Short descriptive text snippets:
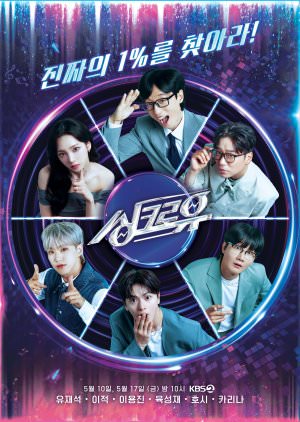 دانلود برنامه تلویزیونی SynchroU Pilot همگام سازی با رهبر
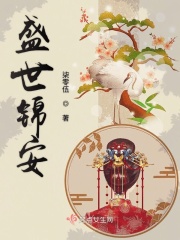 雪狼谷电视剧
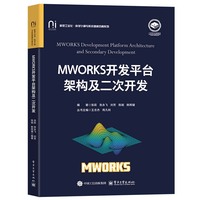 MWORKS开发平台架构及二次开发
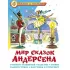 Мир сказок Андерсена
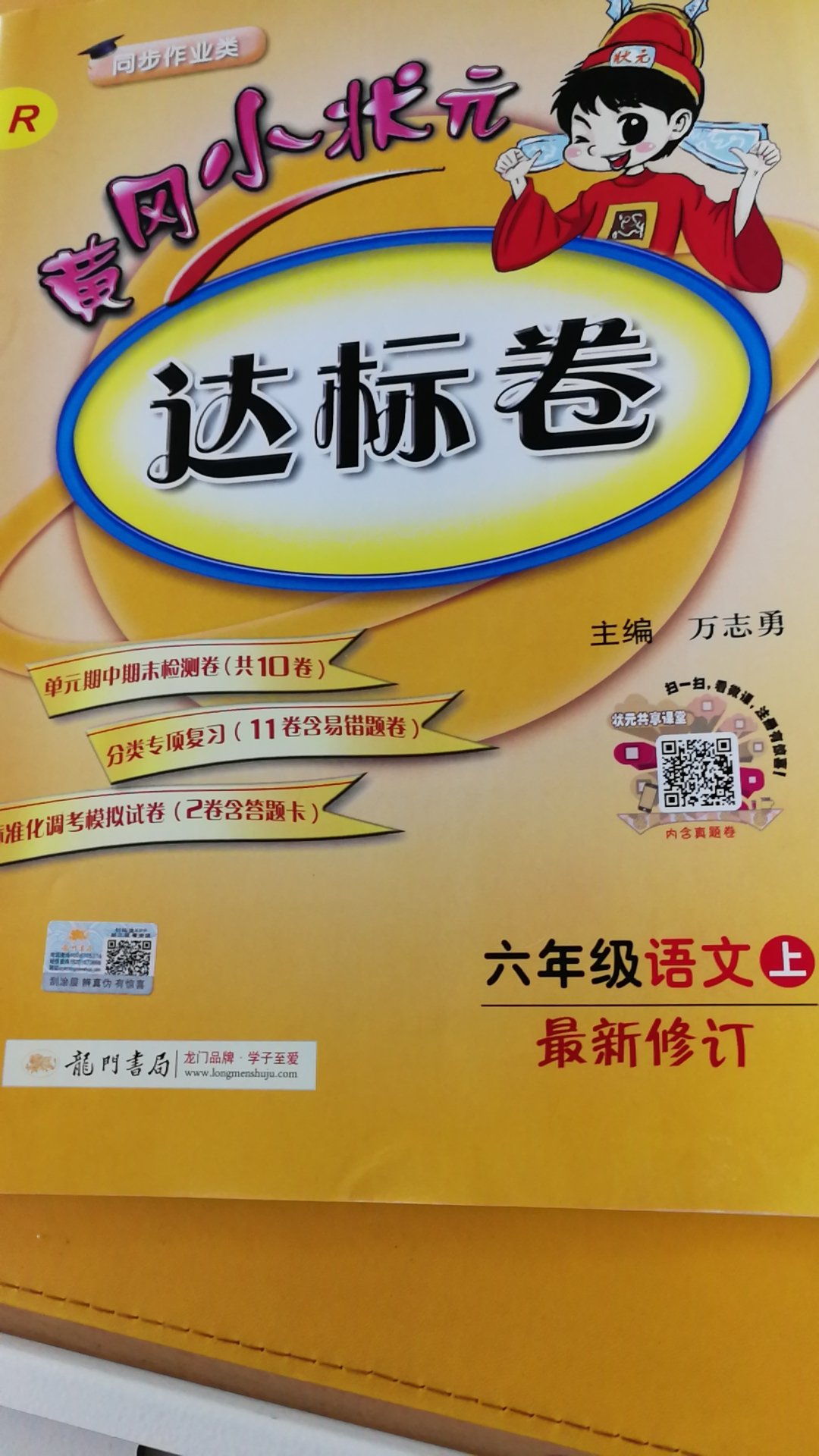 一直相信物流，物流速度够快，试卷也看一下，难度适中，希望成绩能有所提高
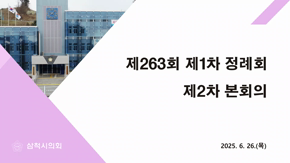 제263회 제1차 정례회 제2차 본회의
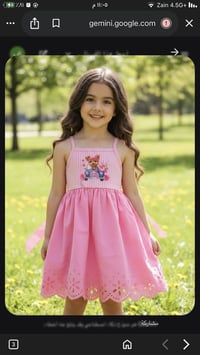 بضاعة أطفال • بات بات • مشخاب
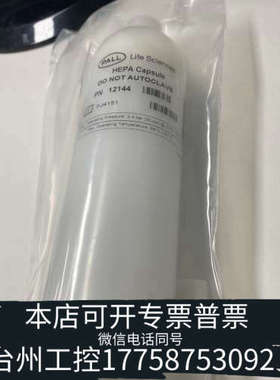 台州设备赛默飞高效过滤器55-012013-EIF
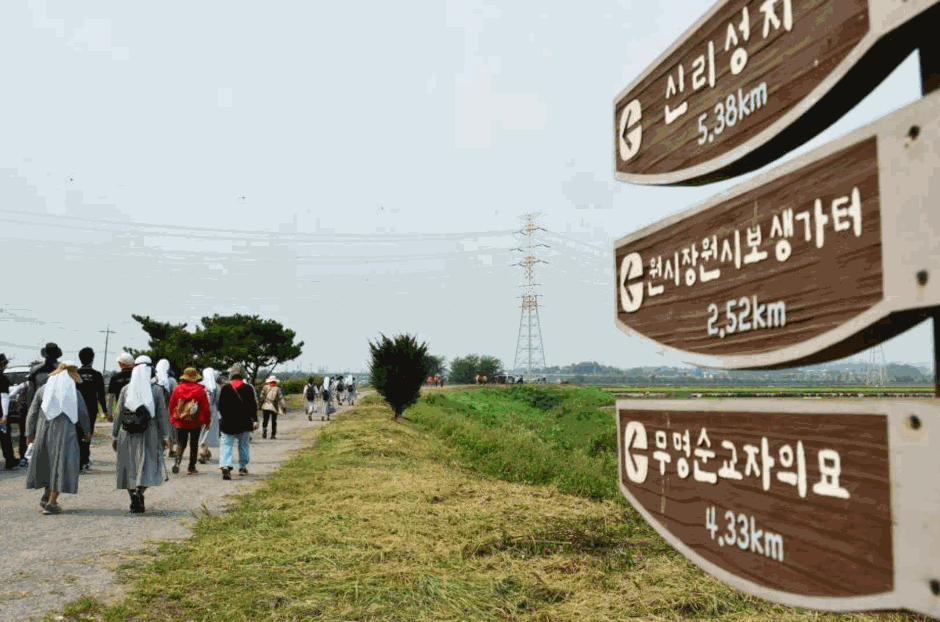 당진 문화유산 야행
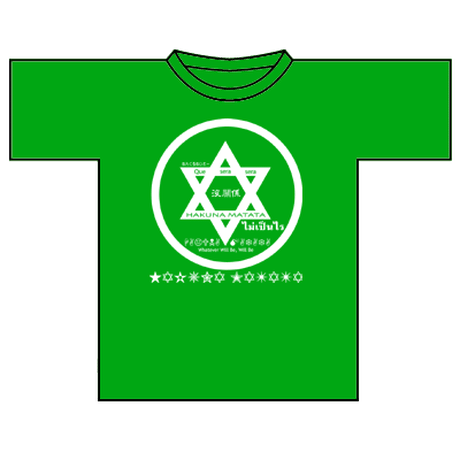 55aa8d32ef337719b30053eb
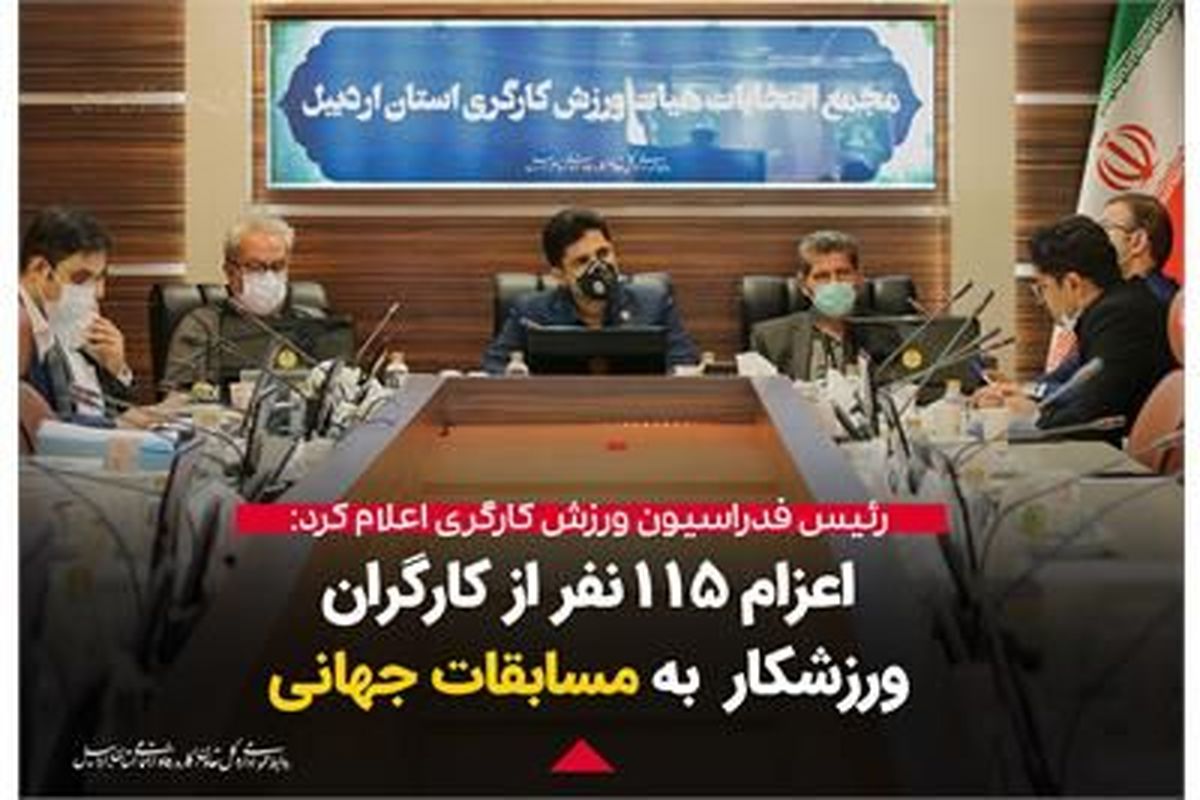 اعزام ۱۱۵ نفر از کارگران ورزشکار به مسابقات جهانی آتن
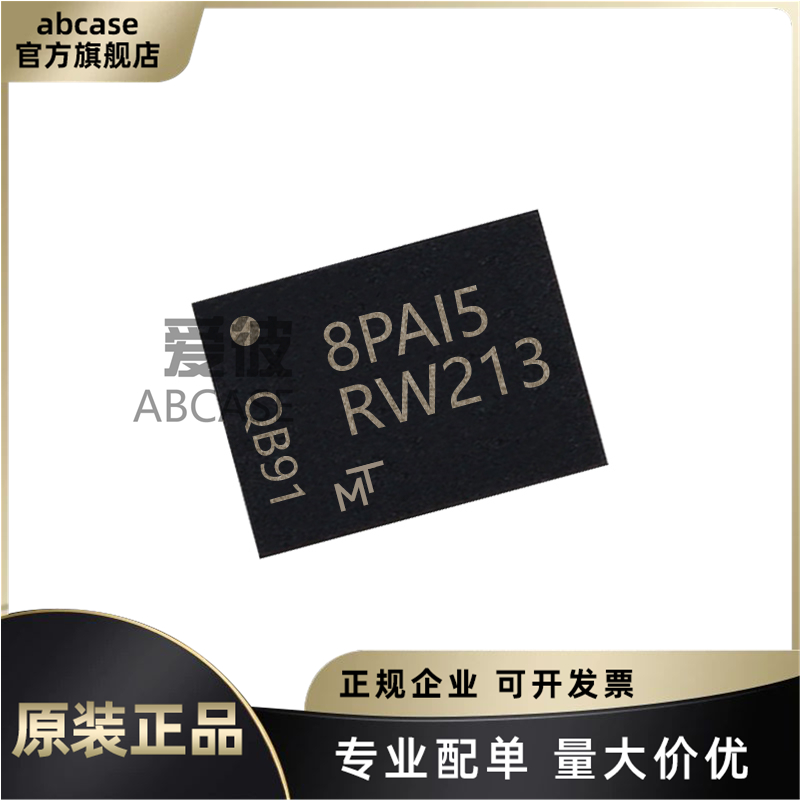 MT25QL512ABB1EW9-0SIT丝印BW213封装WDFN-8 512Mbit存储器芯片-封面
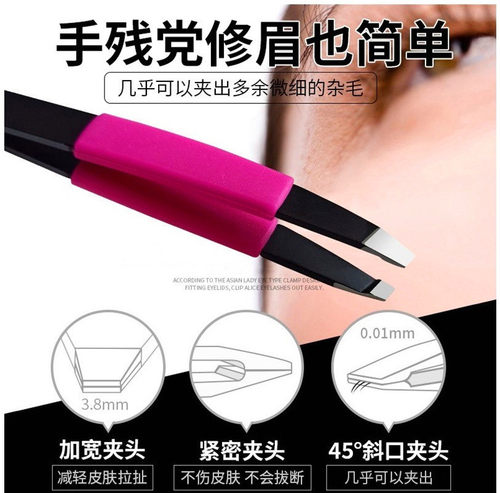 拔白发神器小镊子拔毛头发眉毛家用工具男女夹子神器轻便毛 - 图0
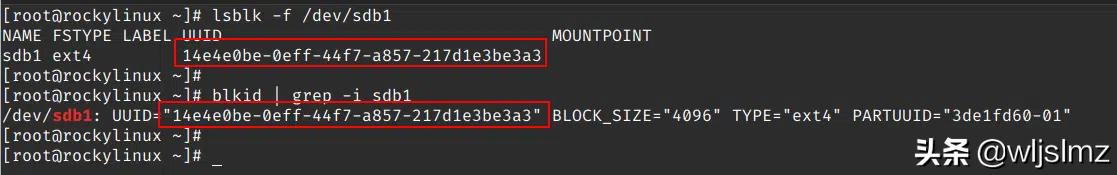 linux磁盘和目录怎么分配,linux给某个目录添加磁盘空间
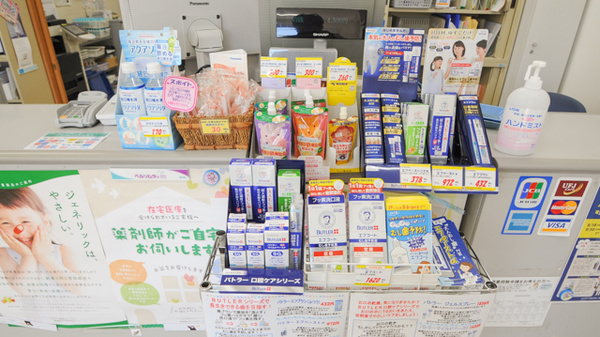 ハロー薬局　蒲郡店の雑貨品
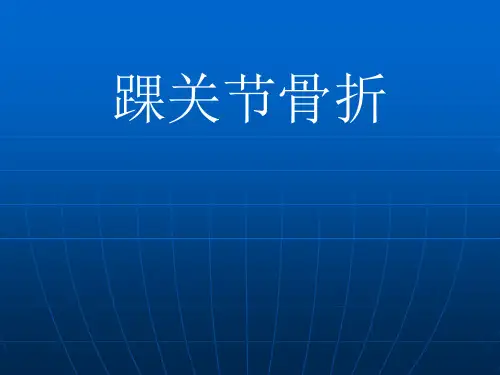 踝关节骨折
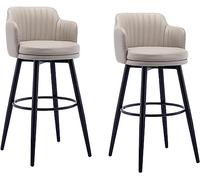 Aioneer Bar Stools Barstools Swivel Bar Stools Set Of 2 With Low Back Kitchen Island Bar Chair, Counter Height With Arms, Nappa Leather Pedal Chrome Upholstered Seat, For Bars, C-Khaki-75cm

■ TASK DETAILS:
Every entry above should be restated word for word, with the images left out.

■ EXPECTED ANSWER:
 دانلود برنامه تلویزیونی SynchroU Pilot همگام سازی با رهبر
 雪狼谷电视剧
 MWORKS开发平台架构及二次开发
 Мир сказок Андерсена
 一直相信物流，物流速度够快，试卷也看一下，难度适中，希望成绩能有所提高
 제263회 제1차 정례회 제2차 본회의
 بضاعة أطفال • بات بات • مشخاب
 台州设备赛默飞高效过滤器55-012013-EIF
 당진 문화유산 야행
 55aa8d32ef337719b30053eb
 اعزام ۱۱۵ نفر از کارگران ورزشکار به مسابقات جهانی آتن
 MT25QL512ABB1EW9-0SIT丝印BW213封装WDFN-8 512Mbit存储器芯片-封面
 拔白发神器小镊子拔毛头发眉毛家用工具男女夹子神器轻便毛 - 图0
 linux磁盘和目录怎么分配,linux给某个目录添加磁盘空间
 ハロー薬局　蒲郡店の雑貨品
 踝关节骨折
 Aioneer Bar Stools Barstools Swivel Bar Stools Set Of 2 With Low Back Kitchen Island Bar Chair, Counter Height With Arms, Nappa Leather Pedal Chrome Upholstered Seat, For Bars, C-Khaki-75cm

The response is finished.